──────── Extracted data

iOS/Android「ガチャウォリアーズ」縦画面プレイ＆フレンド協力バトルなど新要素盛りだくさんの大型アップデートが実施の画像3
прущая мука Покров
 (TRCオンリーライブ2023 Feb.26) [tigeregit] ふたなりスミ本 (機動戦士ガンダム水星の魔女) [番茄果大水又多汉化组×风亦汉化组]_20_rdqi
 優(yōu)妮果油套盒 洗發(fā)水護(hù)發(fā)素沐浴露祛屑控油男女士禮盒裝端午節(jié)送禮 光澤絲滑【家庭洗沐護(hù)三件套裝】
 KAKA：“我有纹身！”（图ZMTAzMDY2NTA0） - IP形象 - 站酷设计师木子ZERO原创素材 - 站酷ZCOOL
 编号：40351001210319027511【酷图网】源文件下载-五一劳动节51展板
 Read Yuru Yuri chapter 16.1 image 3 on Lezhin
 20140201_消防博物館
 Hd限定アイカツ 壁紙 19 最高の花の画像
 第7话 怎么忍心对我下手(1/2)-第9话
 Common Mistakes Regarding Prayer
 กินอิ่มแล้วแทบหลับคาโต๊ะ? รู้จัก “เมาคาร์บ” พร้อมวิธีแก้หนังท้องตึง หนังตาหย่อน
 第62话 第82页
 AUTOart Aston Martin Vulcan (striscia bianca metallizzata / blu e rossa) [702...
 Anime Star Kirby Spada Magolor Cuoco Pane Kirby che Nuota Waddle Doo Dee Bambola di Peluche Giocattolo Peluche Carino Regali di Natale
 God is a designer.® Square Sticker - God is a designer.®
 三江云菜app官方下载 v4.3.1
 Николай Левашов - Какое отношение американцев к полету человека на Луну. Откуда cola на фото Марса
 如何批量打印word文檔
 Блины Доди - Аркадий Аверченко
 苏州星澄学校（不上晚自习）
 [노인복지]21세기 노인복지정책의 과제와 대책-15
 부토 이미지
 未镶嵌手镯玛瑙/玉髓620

────────────────

| The problem |
Make a precise copy of the records in their entirety.

| Expected output |
iOS/Android「ガチャウォリアーズ」縦画面プレイ＆フレンド協力バトルなど新要素盛りだくさんの大型アップデートが実施の画像3
прущая мука Покров
 (TRCオンリーライブ2023 Feb.26) [tigeregit] ふたなりスミ本 (機動戦士ガンダム水星の魔女) [番茄果大水又多汉化组×风亦汉化组]_20_rdqi
 優(yōu)妮果油套盒 洗發(fā)水護(hù)發(fā)素沐浴露祛屑控油男女士禮盒裝端午節(jié)送禮 光澤絲滑【家庭洗沐護(hù)三件套裝】
 KAKA：“我有纹身！”（图ZMTAzMDY2NTA0） - IP形象 - 站酷设计师木子ZERO原创素材 - 站酷ZCOOL
 编号：40351001210319027511【酷图网】源文件下载-五一劳动节51展板
 Read Yuru Yuri chapter 16.1 image 3 on Lezhin
 20140201_消防博物館
 Hd限定アイカツ 壁紙 19 最高の花の画像
 第7话 怎么忍心对我下手(1/2)-第9话
 Common Mistakes Regarding Prayer
 กินอิ่มแล้วแทบหลับคาโต๊ะ? รู้จัก “เมาคาร์บ” พร้อมวิธีแก้หนังท้องตึง หนังตาหย่อน
 第62话 第82页
 AUTOart Aston Martin Vulcan (striscia bianca metallizzata / blu e rossa) [702...
 Anime Star Kirby Spada Magolor Cuoco Pane Kirby che Nuota Waddle Doo Dee Bambola di Peluche Giocattolo Peluche Carino Regali di Natale
 God is a designer.® Square Sticker - God is a designer.®
 三江云菜app官方下载 v4.3.1
 Николай Левашов - Какое отношение американцев к полету человека на Луну. Откуда cola на фото Марса
 如何批量打印word文檔
 Блины Доди - Аркадий Аверченко
 苏州星澄学校（不上晚自习）
 [노인복지]21세기 노인복지정책의 과제와 대책-15
 부토 이미지
 未镶嵌手镯玛瑙/玉髓620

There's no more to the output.